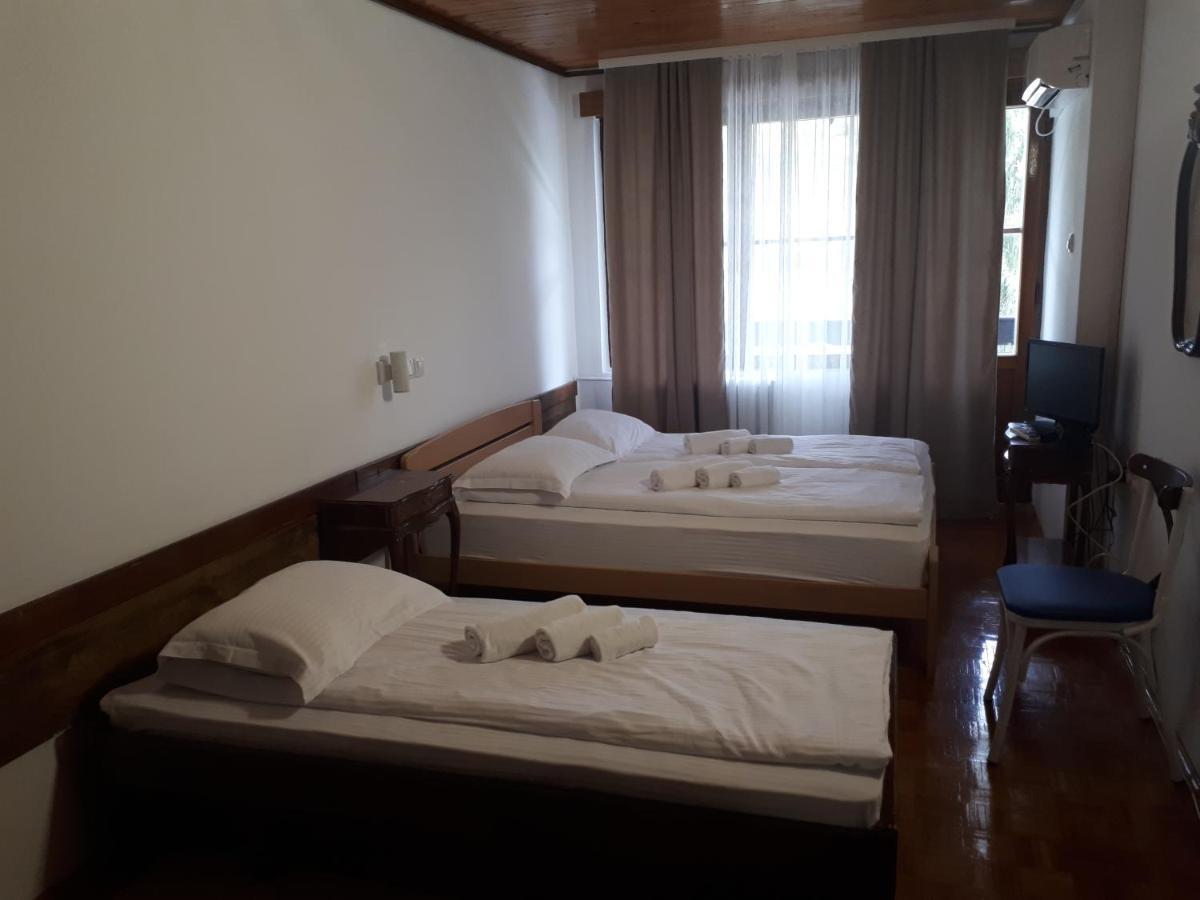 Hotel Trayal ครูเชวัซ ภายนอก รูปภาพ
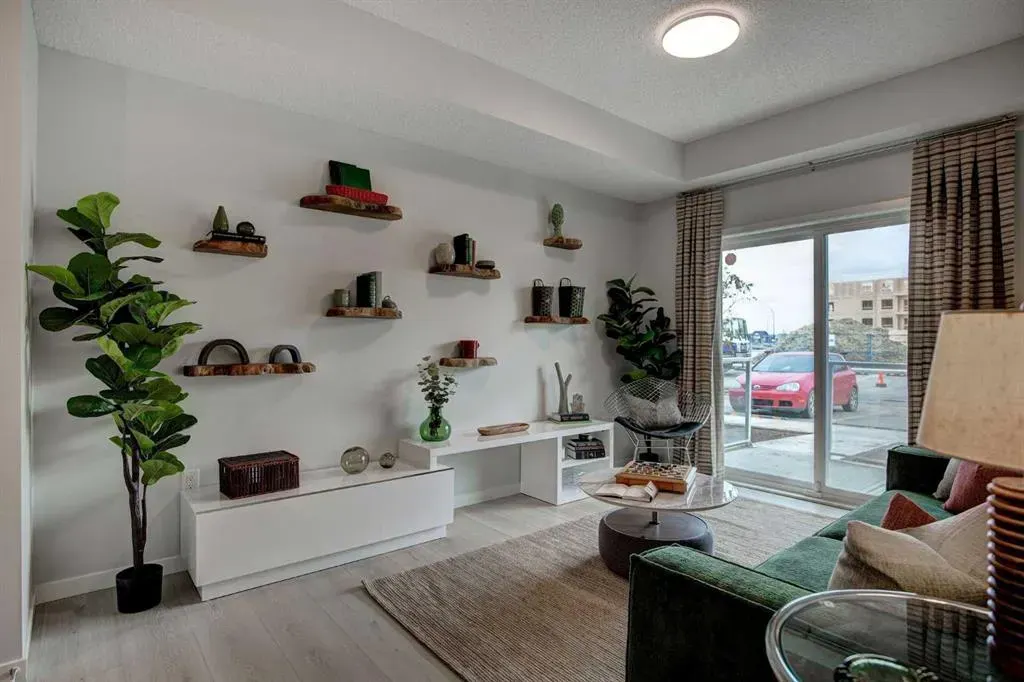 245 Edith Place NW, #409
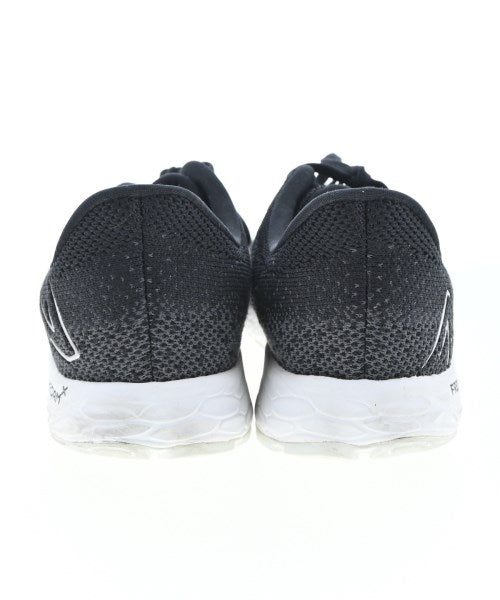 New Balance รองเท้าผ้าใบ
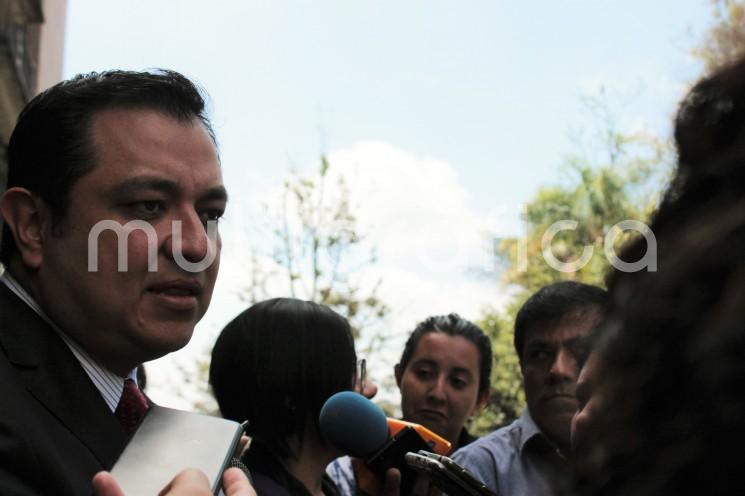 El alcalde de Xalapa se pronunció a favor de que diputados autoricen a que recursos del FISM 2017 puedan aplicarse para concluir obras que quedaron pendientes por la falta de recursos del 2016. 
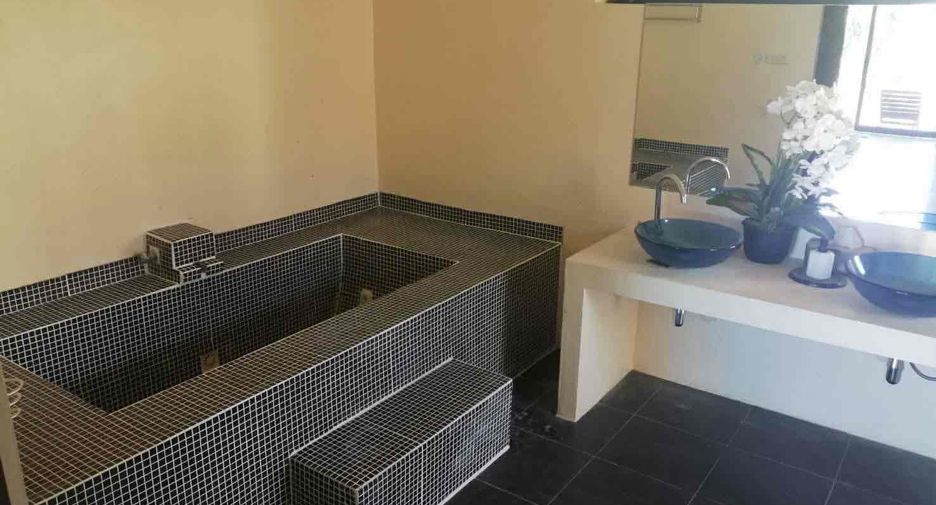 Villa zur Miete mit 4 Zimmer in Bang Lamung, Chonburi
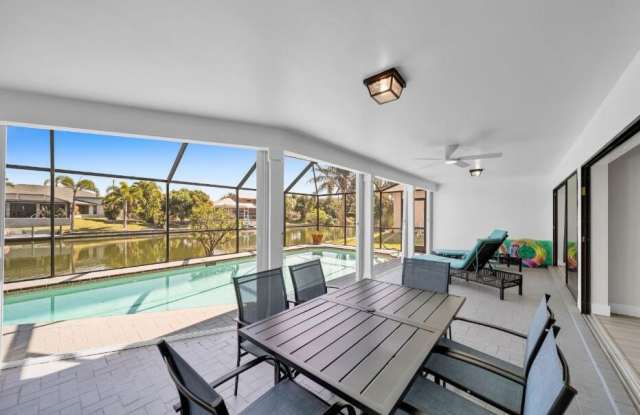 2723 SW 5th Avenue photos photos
——————————
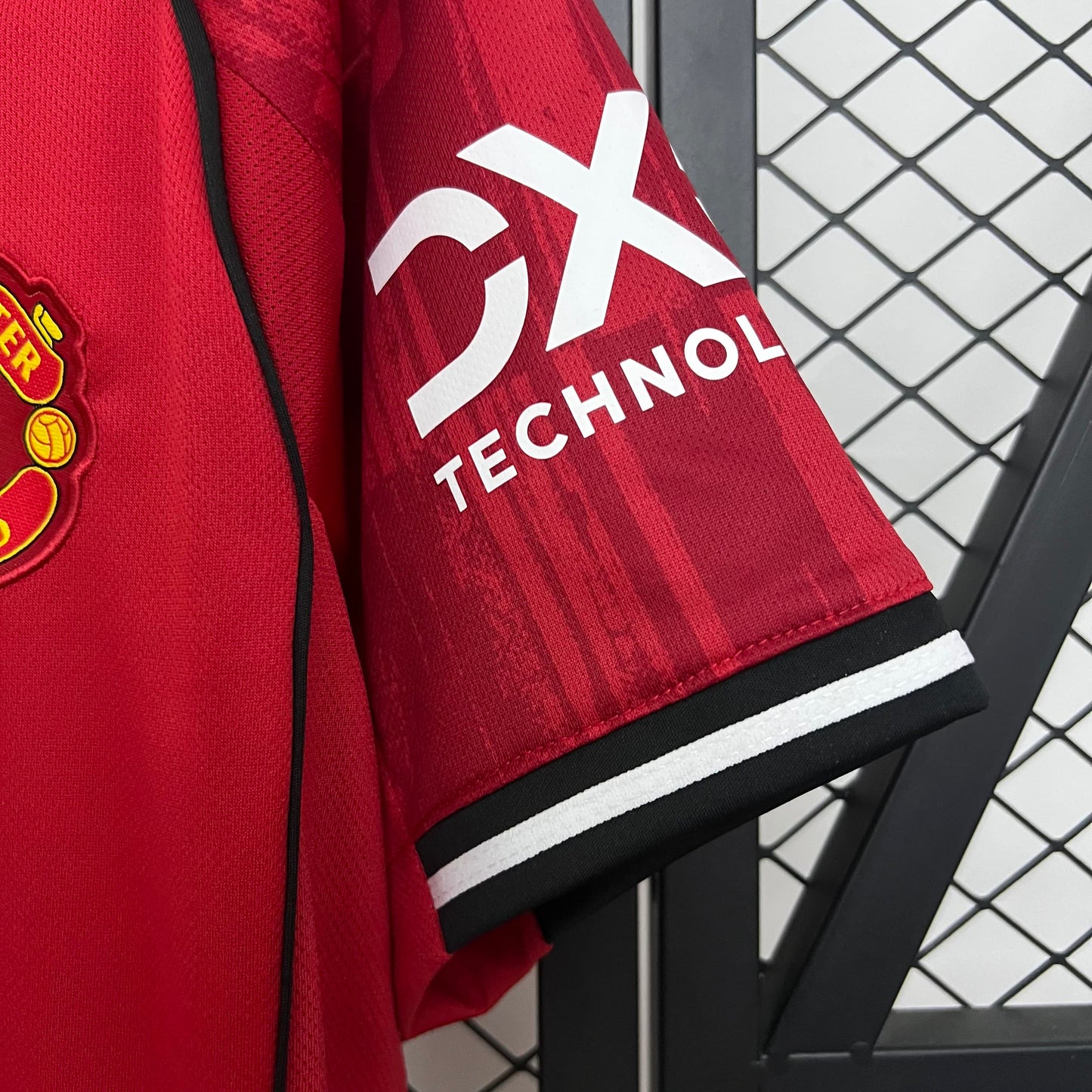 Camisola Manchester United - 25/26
——————————
WHAT THE EXERCISE ASKS.
The output is the stretch above from the line with "New Balance รองเท้าผ้าใบ" through the line with "2723 SW 5th Avenue photos photos", copied word for word with both ends kept and every picture dropped.

TASK ANSWER.
 New Balance รองเท้าผ้าใบ
 El alcalde de Xalapa se pronunció a favor de que diputados autoricen a que recursos del FISM 2017 puedan aplicarse para concluir obras que quedaron pendientes por la falta de recursos del 2016. 
 Villa zur Miete mit 4 Zimmer in Bang Lamung, Chonburi
 2723 SW 5th Avenue photos photos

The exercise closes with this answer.